Oil jumped more than $1 to above $53 a barrel on Monday, supported by a rise in the stock market after strong housing data and on details of a U.S. plan to remove toxic assets from bank balance sheets.

The U.S. government fleshed out the plan on Monday which it hopes can purge banks of up to $1 trillion in toxic assets, a key element of its drive to pull the world's biggest economy out of a deep recession.

The U.S. stock market extended early gains, sending the benchmark S&P 500 up more than 4 percent, following a report that showed sales of existing homes rebounded in February. <.

The rise in the stock market points to improved demand, said Christopher Bellew, oil broker at Bache Commodities in London, adding: OPEC production cuts are biting. Also funds have been adding to their length.

U.S. crude rose $1.30 to $53.37 a barrel by 11 a.m. EDT having earlier climbed to $53.85, its highest price since December 1. London Brent crude rose $1.80 to $53.02.
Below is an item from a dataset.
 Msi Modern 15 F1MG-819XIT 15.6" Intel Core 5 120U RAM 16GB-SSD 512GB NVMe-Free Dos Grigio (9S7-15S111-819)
President Barack Obama said on Sunday the U.S. dollar was still strong but warned that excessive borrowing and high deficits could weaken Treasury bill demand.

U.S. crude oil has climbed from below $33 last December, lifted also by Organization of the Petroleum Exporting Countries supply cuts. It remains down almost $100 from a record high near $150 reached last year as the global economic crash eroded consumption.

The global economy is set to shrink 1 to 2 percent this year, World Bank President Robert Zoellick said on Saturday. He said the depth of the slowdown was unprecedented since the 1930s Great Depression.

Signs of higher demand in China, the world's second-largest consumer, could lend support. China's implied oil demand climbed 0.5 percent in February after three months of declines, Reuters calculations from official data showed.

Oil workers at Brazilian energy firm Petrobas

began a five-day strike on Sunday in a bid to cut crude output in protest over job cuts, pay and conditions, a union leader said.